Where are the next Great Female Radio Stars?
Where’s the next Wendy, Jackie O, Kate, Amanda, FiFi, Meshel, Robyn, Chrissie?
There are some outstanding women on air, but there are many, many more men. Why is that?
Where is the next generation of great female talent with experience, real star power, great communicators, the ones that are interesting and have that X Factor? Feisty, assertive, smart, driven woman with something (a lot ) to say!
Content Directors are always on the lookout for new talent, female and male.
The next level of great talent will come mostly out of regional radio and also TV, comedy, sport or really anywhere. A profile helps but isn’t critical. The content, the on air performance is the most important factor.
Host of KIIS106.5 Breakfast Jackie O said, “10-15 years ago, unless you were a comedian you weren’t even considered for breakfast radio as a female.
“Thankfully, things are changing. And I believe modern audiences would rather listen to a real and honest conversation on the radio than a segment that has only been crafted so someone can deliver their punchline at the end.
“Women who can be open, honest and relatable to their audience, tend to do quite well these days and if you have good chemistry with your on-air partner, then the funny stuff comes naturally – and the bonus is it’s authentic and unscripted.
“And while CD’s are finally starting to realise that female talent comes in many different guises, I do strongly believe we should be giving more women in regional radio the opportunity to try out for these bigger roles.
“Many are being overlooked, as there seems to be this mistaken belief that in order to create “buzz” for a new breakfast show, there has to be high profile stars involved.
“I don’t think the audience cares how famous you are, neither do they care whether you’re male or female for that matter, they just want to hear good radio.”
The “must-be-famous formula” is just as flawed as the “must-be-a-comedian formula”. The best CDs know that there is no “formula” – you just have to search for those with the talent, passion, and a brain for radio. And regional radio is a great place to start looking “
Learning the ropes and the craft of broadcasting takes time and effort from both the on air talent and the Content Director. Former top rating 2dayfm breakfast star Wendy Harmer remembers starting out on breakfast radio.
“In the beginning, working with Brad was a daily, frustrating experience as I learned the radio ropes because I had to learn a very different kind of craft. That took a lot of hard work and was lucky to have a boss who persevered.

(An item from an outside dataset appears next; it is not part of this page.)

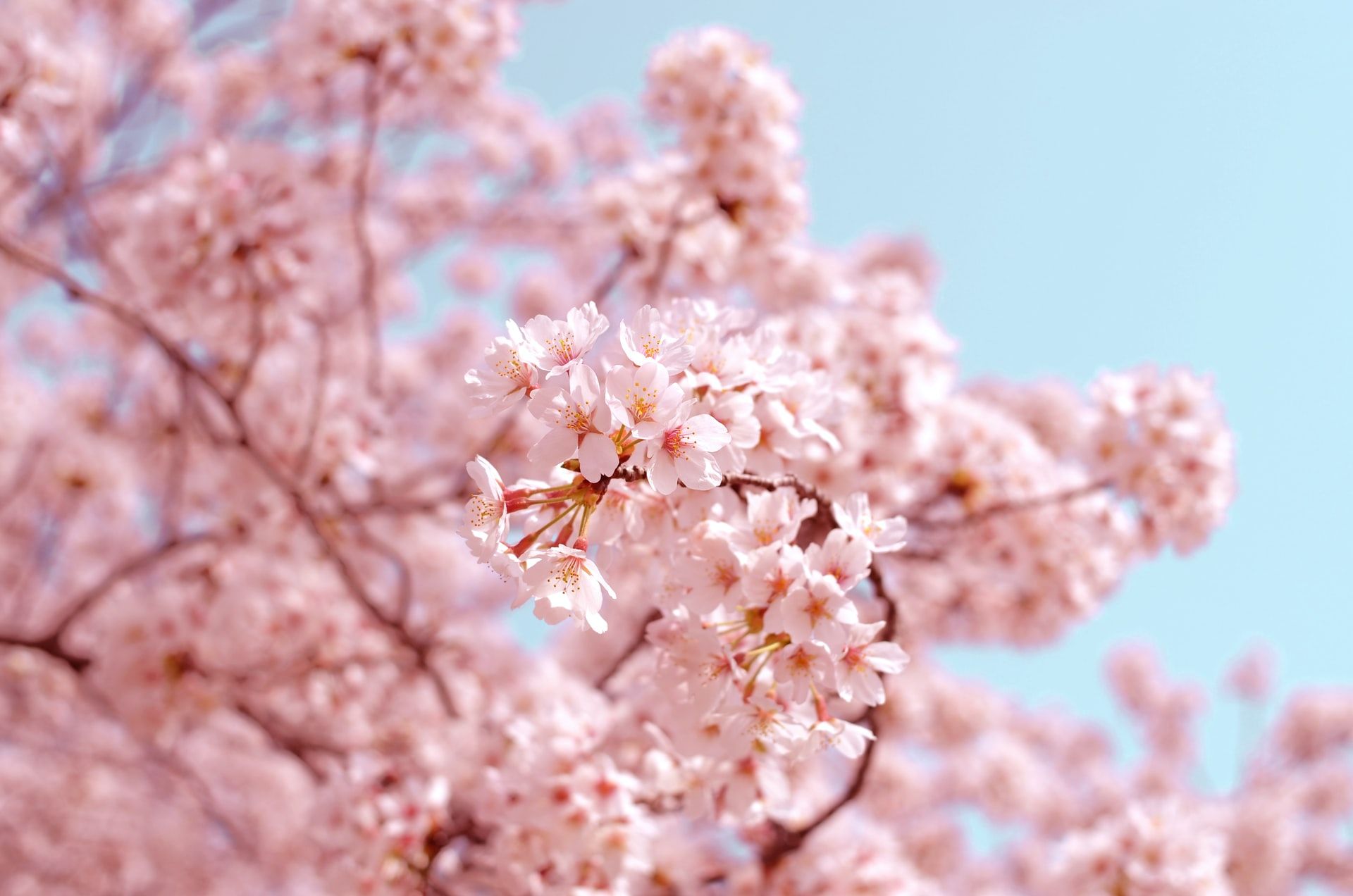 Detail Gambar Bunga Sakura Yang Cantik Nomer 28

“My favourite story about working with Brad was after one blazing row, next day I saw he had pinned on his office wall “Ten Tips For Working With Difficult People”. But together we built a good show that was exciting to be a part of.”
“Are programme directors across the craft in the same way these days? Starting out in radio, you want to learn from someone who knows what they’re doing – who teaches and is not critical, just for the sake of it.
“You don’t need a female boss. You need a smart and empathetic one. But perhaps what you do need as a woman – especially if you’d like to have kids and a radio career – is a partner in your home life who’s prepared to come on the journey with you.”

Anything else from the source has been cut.